SAN DIEGO — When motion pictures were new, at the turn of the 20th century, a director at Edison's studios made a short film showing an artist working at an easel. His painting of the sun lifted off the canvas and overheated the room until he was able to capture it and dunk it in a bucket of water. The theme is as ancient as the myth of Pygmalion and Galatea: artist creates an image and the static image comes to life.
That 1904 film, "Animated Painting," shares a title and a bit of its conceptual underpinning with a new exhibition at the San Diego Museum of Art. The show gathers two dozen works of animation by 13 international artists and one collective who, in the most basic terms, combine multiple still frames to create the illusion of movement. The artists -- from Spain, South Africa, Thailand, England, China, Germany, Argentina, the Netherlands and the U.S. -- expand broadly upon that simple definition of animation, while staying true to a deeper sense of the word (investing something with life, soul, mind) and aspiring to capture its metaphorical power.
Takeshi Murata's five-minute loop begins with a single throbbing pink dot that gives way to a phantasmagoric, painterly, pixelated riff on Sylvester Stallone as Rambo. At the more meditative end of the spectrum, Ann Lislegaard's "Bellona (after Samuel R. Delany)" sends viewers through an enigmatic labyrinth of luminous, ever-changing hues.
"I wanted to stay away from Pixar and Disney image code and the languages they developed through cartooning," curator Betti-Sue Hertz said of organizing the show. "I wanted artists who were linked to deeper tradition. I was less interested in narrative and storytelling per se than in the moving image as a somatic experience. I was interested in how animation had been filtering slowly into the contemporary art scene, so I chose people who were active in that sphere, who identify as contemporary artists rather than animators."
Many, but not all of the artists use digital software that has become as common an image-making tool as a pencil or paintbrush, Hertz said.
"Animation in the commercial industry and mainstream media is permeating everything, more and more. If you turn the TV on, pretty much every commercial is a combination of live action and animation. It's in the mainstream culture on a daily basis, and artists are saying, 'What can I do with these techniques, these technologies? How can I push them into a more subtle language?' "
While the influence of popular media is evident throughout the show -- as it is throughout contemporary art in general -- so is the influence of Abstract Expressionism, mural painting, graffiti, Light and Space art, and surrealism.
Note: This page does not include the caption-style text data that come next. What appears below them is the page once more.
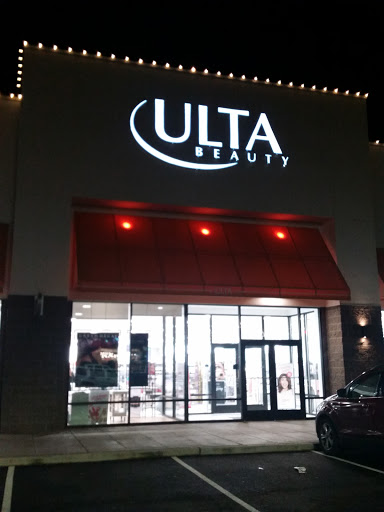 Hair Salon «Ulta Beauty», reviews and photos, 11066 Pacific Ave NW a, Silverdale, WA 98383, USA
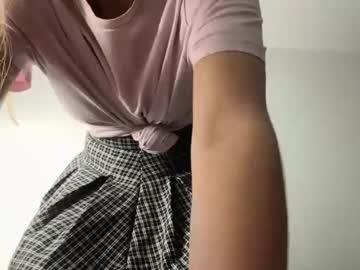 girl
        elisa_moon cam image #3877371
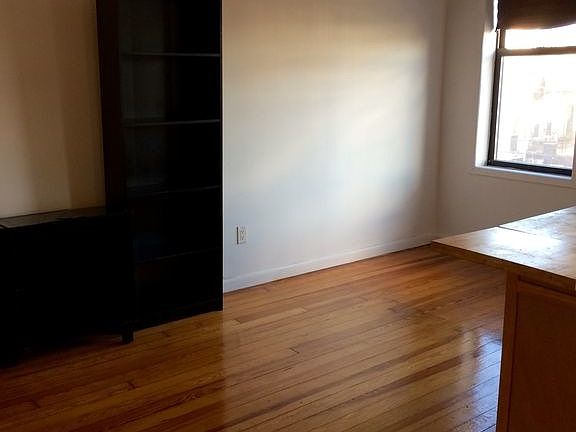 3rd image of 3020 42nd St #3F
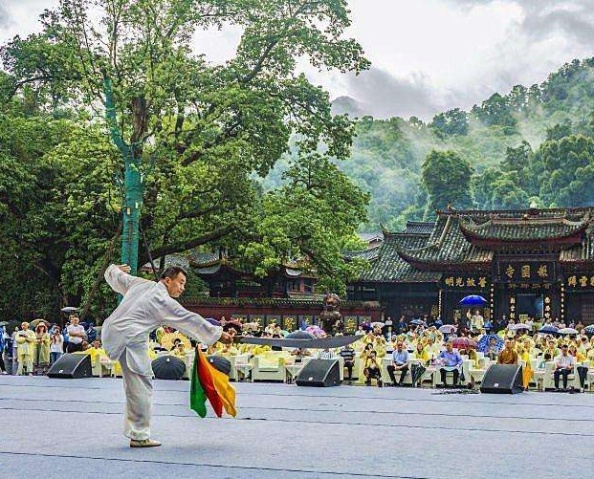 被泰拳ko的中国拳手,中国传统武术被自由搏击ko视频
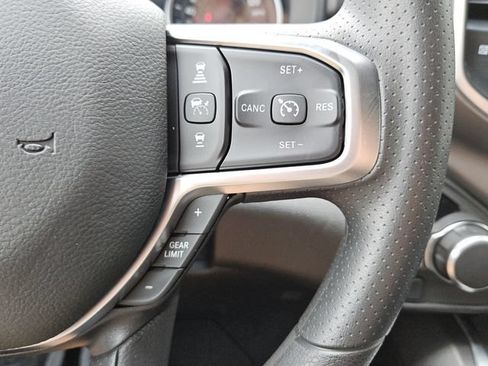 New 2026 RAM 1500 Express AWD/4WD image 23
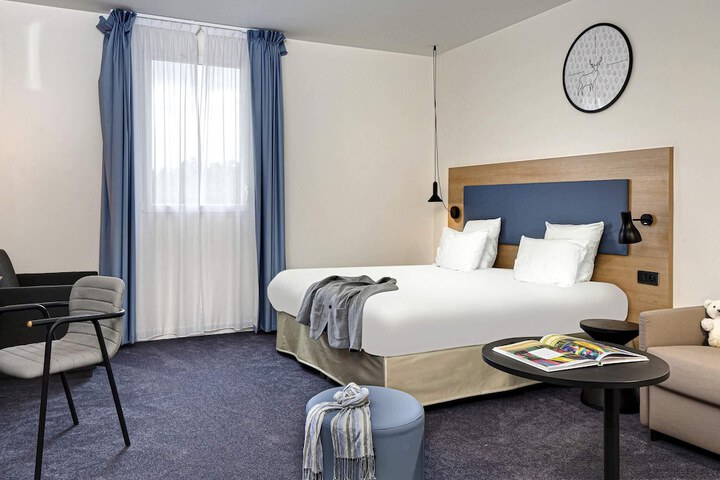 Room 28 of 103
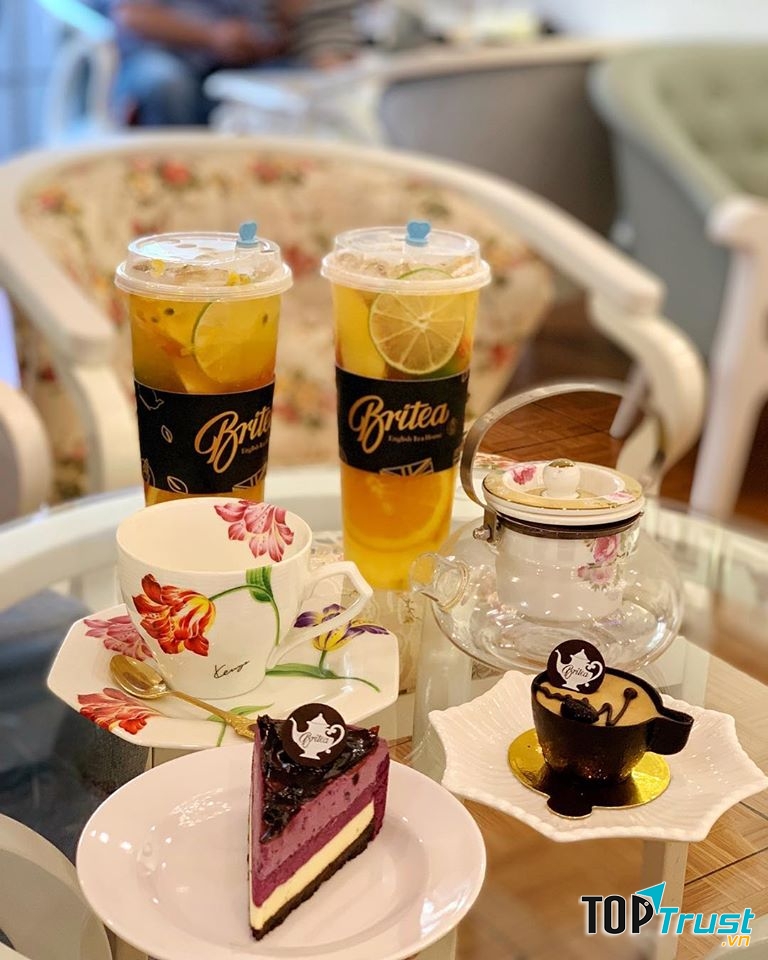 Đối với các loại trà trái cây của quán, vị trà đậm hoà lẫn cùng từng lát trái cây, mang đến cảm giác mát lạnh và thơm ngon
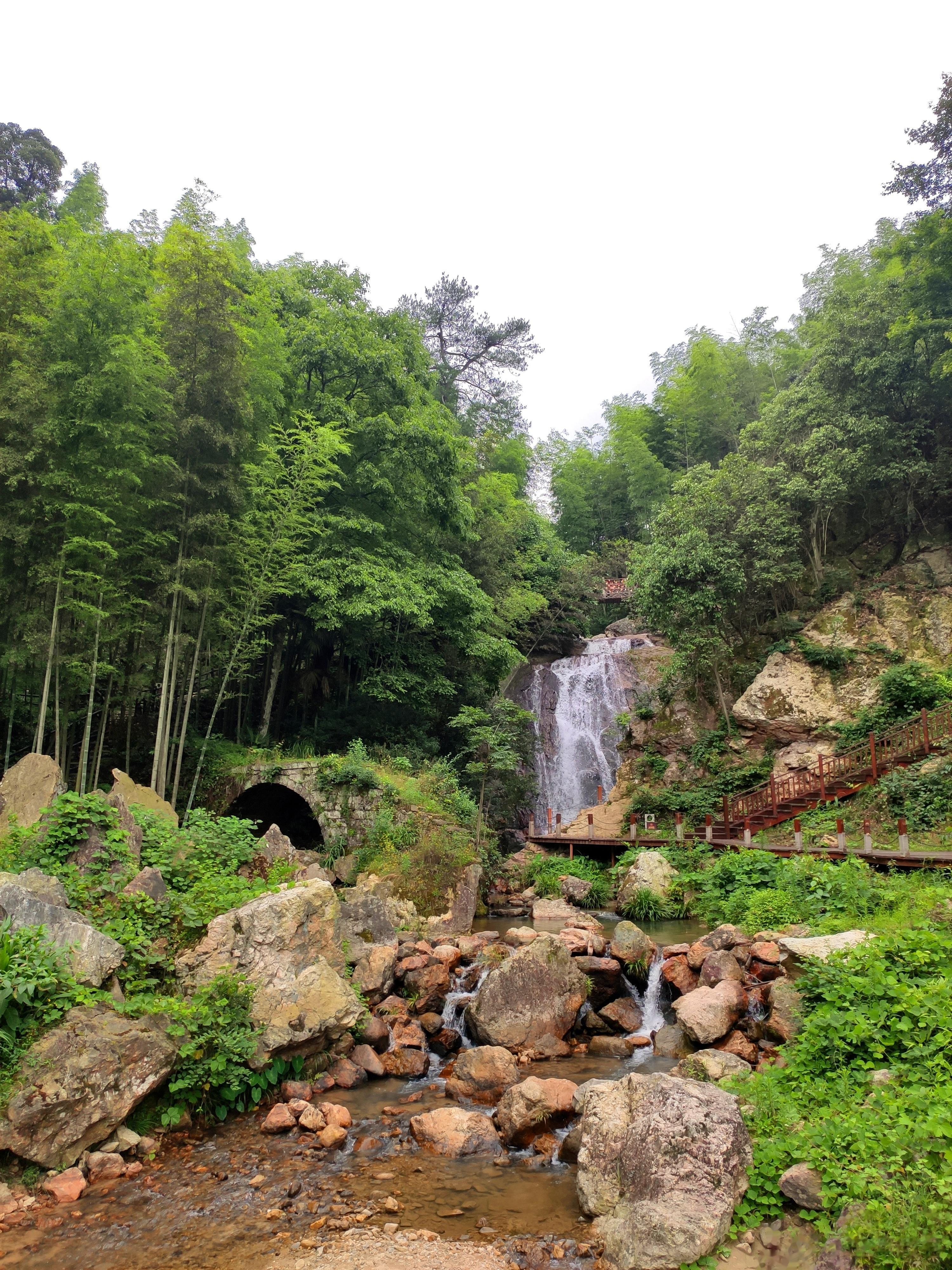 #驴友眼中的武功山# 武功山脚下，龙溪秘境，遇见清泉石上流～[羞嗒嗒] #全球学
The show includes an equal number of straight projections and installation works, pieces where imagery is projected onto multiple surfaces and unusual structures. Julian Opie's schematic images of walking figures appear on LED film boxes mounted in the museum's front parking lot. Wit Pimkanchanapong's 21-second animation, "Test Sequence," plays in one gallery, while the 8,000 printed sheets of paper that went into the making of the film hang from the ceiling throughout the show like a scalloped canopy, an unbound flip book.
With artists addressing alienation, violence, spectacle, gender issues, politics and history, the show becomes, said Hertz, "a map of issues and ideas and concerns that are flowing through contemporary society." It aims to be provocative, but also highly accessible.
Drawing on the everyday
Imagery might at first seem familiar, like something seen on television or online. "But as you stay with the work and consider what it's saying back to you," Hertz said, "you have a different experience than what you initially thought you would. It doesn't take long to sense that this work is not like 'The Simpsons' or 'Fantasia.' But it's not unlike them. It's abstracted."
The artists, she continued, adopt animation techniques "and push the envelope in terms of what they can do that 'fine art' has always aspired to -- deep feeling, refinement, sensitivity, social critique."
Self-reflexivity is another attribute of art that often plays a dominant role in animation. The medium not only brings static imagery to life but often makes the process of transformation visible. William Kentridge, at 52 the patriarch of the current crop of artists using animation (nearly all in the show are in their 30s and 40s), originally turned to film in order to record the stages of his charcoal drawings as they evolved. In his animations, history operates at every level: Images on paper appear, shift and transmute as personal, political and fictional stories unfold.
The exhibition features his 2003 film "Tide Table," an introspective, often lyrical work with a dark undercurrent. Additions and erasures make for fluid interplay between action, imagination, representation and memory. That interplay deepens and destabilizes the sense of reality.